The basic story is familiar enough. 1066 was a year of three Kings, with the death of Edward the Confessor, the Norman invasion, defeat and death of Harold at the battle of Hastings, and the seizing of his throne by William, henceforth known to posterity as 'the Conqueror'. A closer examination suggests that many assumptions have been made, and time-honoured facts cannot be taken for granted. Ms Cole suggests that the traditional image of Edward as a weak and aged man whose death was long anticipated is not strictly true. Thanks largely to the Bayeux Tapestry, we have generally believed or assumed that Harold was killed on the battlefield when an arrow pierced him in the eye. He may alternatively been struck down when a lance was run through his body, possibly wielded by his foe William in person. Alternatively, he might have been wounded, left for dead, carried away secretly to recover, and lived to a comfortable old age at the hermitage of Chester, where others suspected they knew his real identity but agreed to let him maintain his privacy.

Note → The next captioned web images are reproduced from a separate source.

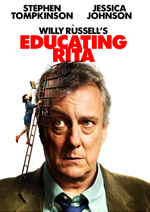 Educating Rita - 2019 UK Tour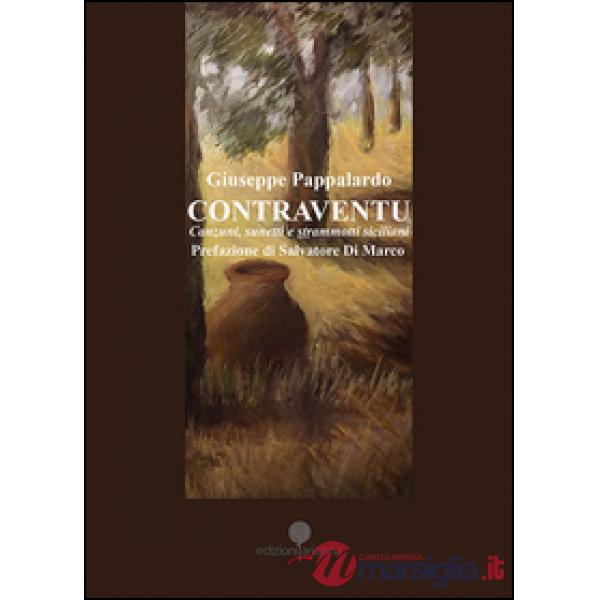 Contraventu. Testo siciliano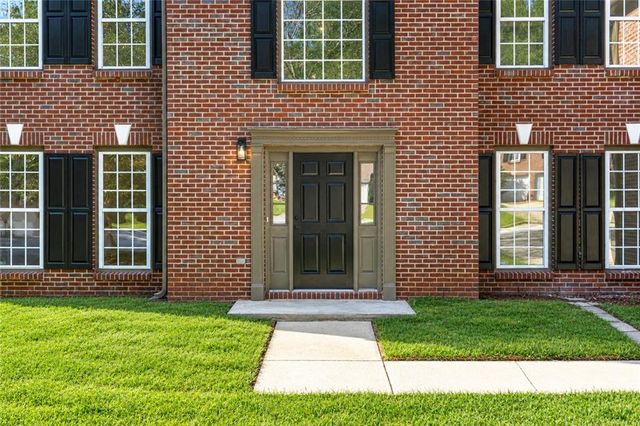 6913 Wynmeadow Drive, Stone Mountain, GA 30087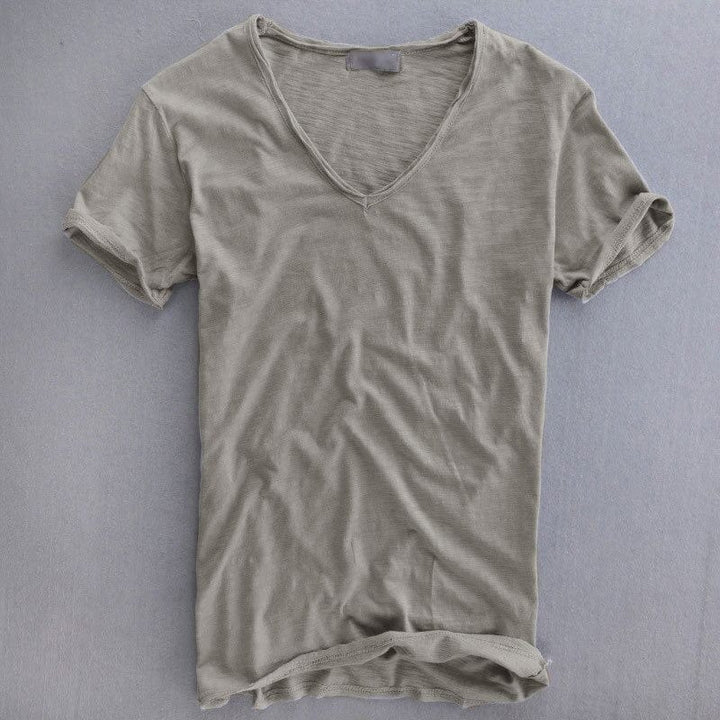 Nate | Premium cotton T-shirt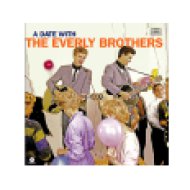 A Date with the Everly Brothers (Vinyl LP (nagylemez))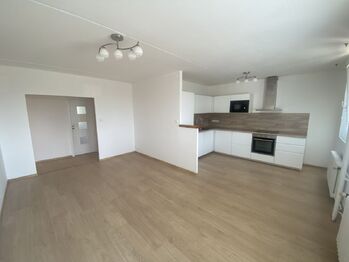 Prodej bytu 3+1 v družstevním vlastnictví 73 m², Teplice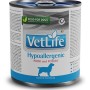 FARMINA Vet Life Hypoallergenic Pork & Potato - Wet dog food - 300 g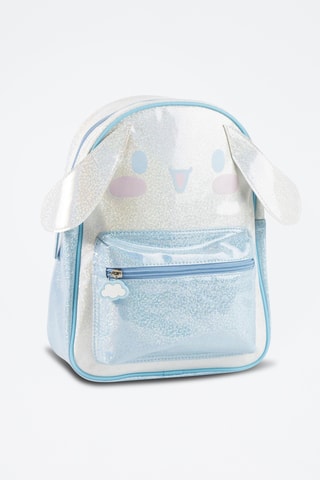 Zaino Hello Kitty Sanrio - Blu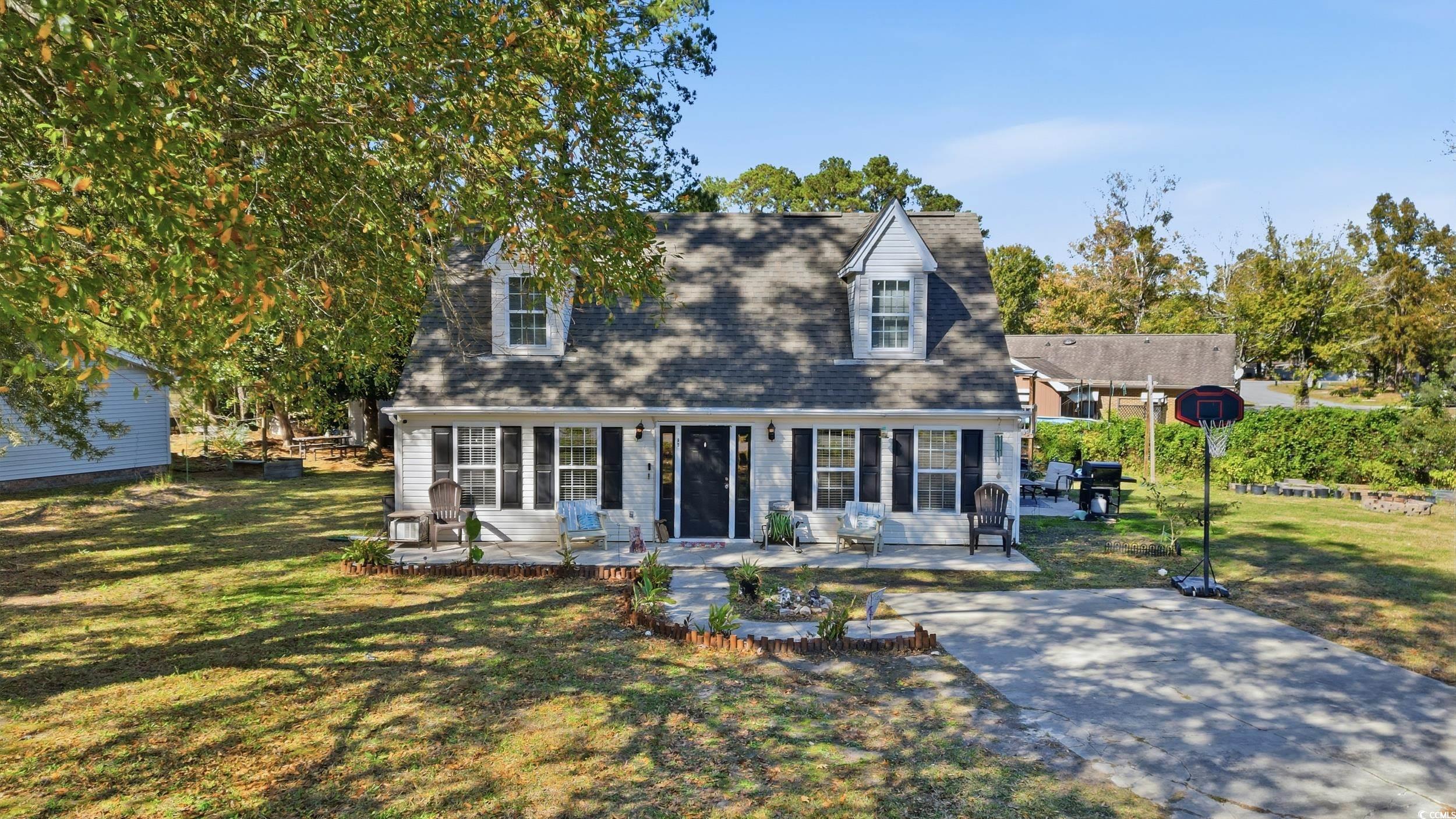 209 Stonebrook Drive Myrtle Beach, SC 29588 - Photo 25 of 30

We have also been told that the conflict took place a few miles from Hastings at Battle, the town which grew up around the Abbey built by William. Recent research suggests that it may have been somewhere different altogether, perhaps on the site now occupied by the village of Crowhurst.

However, some facts are more or less beyond dispute. It is accepted, and difficult to disprove, that William was a firm and decisive but cruel and greedy ruler. In the last chapter, 'A personal view' of the winners and losers of 1066, he is seen as the man who insisted that he was no conqueror but the rightful King of England, a man who ruthlessly pursued a lifelong vision and succeeded. Over the years a coat of whitewash was applied to his reputation and his reign, and in Victorian times he was hailed as the real founder of England's greatness, a strong and wise leader, a firm ruler and a faithful husband. England, so a primer of the early twentieth century stated, had good reason to be grateful to William in spite of his faults, and to regret him when he died in 1087. A later school of thought maintains that the Normans' plundering of English resources during his reign was comparable to that of the Nazis throughout much of Europe during the Second World War.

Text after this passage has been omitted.